BRINDISI – Il segretario generale della Cgil Brindisi Antonio Macchia interviene sulla vicenda del dormitorio di via Provinciale per San Vito, sollevata proprio dalla nostra testata.

“L’interesse mostrato in questi giorni dalla stampa locale per il “dormitorio” posto sulla Via Prov.le S. Vito non deve essere solo limitato a ricordare l’avvenuto cambio di gestione.

In quei locali, come emerge dai dati resi noti a seguito della visita effettuata nella presa di consegna, vi è uno spaccato di vita fatto per la stragrande maggioranza o forse proprio per la totalità, di uomini che cercano in tutti i modi un’integrazione con il nostro paese.

Il loro unico possedimento in genere è rappresentato da una bicicletta sgangherata, non sempre munita degli appositi segnali di posizione, che serve loro per spostarsi e per uscire dal ghetto in cui vengono confinati.




 Eppure quasi la totalità di questi ragazzi sono braccianti agricoli che lavorano nei terreni del nostro territorio, non lesinano lavori umili di ogni genere, e ciò nonostante non hanno la possibilità di integrarsi con il resto della società.

Da parte nostra possiamo  e dobbiamo   evitare che possano ricrearsi situazioni come quelle avvenute lo scorso anno nel foggiano _ incendio del ghetto in cui vivevano sfruttati dai caporali -, che tanto hanno scosso le nostre coscienze, ma che evidentemente non sono state ancora sufficienti a far comprendere che questa gente ha bisogno di essere integrata.

La legge 199/16 può aiutarci a combattere a monte il fenomeno del caporalato, ma il ruolo realmente determinante lo gioca la nostra società ed ognuno di noi nell’assumere un atteggiamento di collaborazione.

La CGIL ha combattuto strenuamente per ottenere una legge a tutela di questi ragazzi senza volto, e quotidianamente presidia  i luoghi che li avevano resi schiavi nella nostra terra.

Ma tutto questo non è sufficiente se non si mette in pratica la funzione programmatica della normativa approvata.

Nel caso di Brindisi non è sufficiente garantire una nuova guardiania notturna e una elencazione dettagliata delle presenze per garantire loro una vita dignitosa, tutt’altro.

Ciò di cui hanno veramente bisogno questi ragazzi,  fuggiti dall’orrore che vivevano nelle loro terre è l’accoglienza da parte di tutti, e la predisposizione da parte della nostra comunità di strutture che permettano loro una vita dignitosa.

Il processo d’integrazione è determinante soprattutto se si considera che molti  sono quotidianamente impiegati nei campi dei nostri territori.

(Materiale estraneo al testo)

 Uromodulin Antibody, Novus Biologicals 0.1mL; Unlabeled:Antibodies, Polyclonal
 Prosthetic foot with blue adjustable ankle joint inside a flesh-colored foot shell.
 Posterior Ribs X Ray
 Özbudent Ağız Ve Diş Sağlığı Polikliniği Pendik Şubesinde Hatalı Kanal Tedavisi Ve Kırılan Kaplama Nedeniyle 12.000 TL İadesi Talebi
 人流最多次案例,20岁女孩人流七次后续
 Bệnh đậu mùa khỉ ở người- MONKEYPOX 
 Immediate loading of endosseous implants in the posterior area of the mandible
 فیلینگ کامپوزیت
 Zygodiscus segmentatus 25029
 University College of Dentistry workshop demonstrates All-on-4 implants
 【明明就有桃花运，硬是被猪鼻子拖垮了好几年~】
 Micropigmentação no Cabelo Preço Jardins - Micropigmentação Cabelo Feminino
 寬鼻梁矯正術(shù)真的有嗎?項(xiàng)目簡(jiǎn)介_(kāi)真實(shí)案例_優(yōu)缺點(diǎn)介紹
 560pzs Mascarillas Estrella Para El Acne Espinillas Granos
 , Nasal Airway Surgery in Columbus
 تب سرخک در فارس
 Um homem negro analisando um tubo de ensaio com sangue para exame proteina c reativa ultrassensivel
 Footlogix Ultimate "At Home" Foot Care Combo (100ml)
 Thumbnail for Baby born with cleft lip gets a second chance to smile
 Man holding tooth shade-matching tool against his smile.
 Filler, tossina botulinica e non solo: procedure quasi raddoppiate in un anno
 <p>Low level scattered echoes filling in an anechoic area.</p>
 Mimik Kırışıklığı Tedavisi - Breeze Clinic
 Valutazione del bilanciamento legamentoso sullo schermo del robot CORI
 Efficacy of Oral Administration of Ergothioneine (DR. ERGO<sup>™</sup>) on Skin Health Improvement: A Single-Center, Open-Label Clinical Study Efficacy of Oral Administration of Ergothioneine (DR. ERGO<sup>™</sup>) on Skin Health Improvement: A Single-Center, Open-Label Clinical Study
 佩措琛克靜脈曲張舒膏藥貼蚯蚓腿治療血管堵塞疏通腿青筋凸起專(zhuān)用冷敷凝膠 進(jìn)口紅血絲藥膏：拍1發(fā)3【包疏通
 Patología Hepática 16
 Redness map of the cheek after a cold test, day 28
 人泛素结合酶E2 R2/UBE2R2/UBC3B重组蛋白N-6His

Quindi,  affinchè lo stato di bisogno non li faccia cadere nella gestione illegale delle loro vite, è necessario che il tutto il Territorio – e con questo ovviamente intendo soprattutto la cornice Istituzionale locale –  si adoperi per consegnare loro un alloggio dignitoso – non un capannone industriale senza i minimi confort di un’abitazione civile –  ed una rete di trasporti che non li obblighi ad assoggettarsi al caporale di turno per un passaggio sino al luogo di lavoro o,  nel peggiore dei casi,  li obblighi a percorrere strade statali con i loro mezzi di fortuna.

Se poi a questo si riuscisse ad aggiungere anche un po’ di comprensione per la loro vita fatta di solitudine e povertà assoluta, il processo di integrazione potrebbe dirsi avviato”.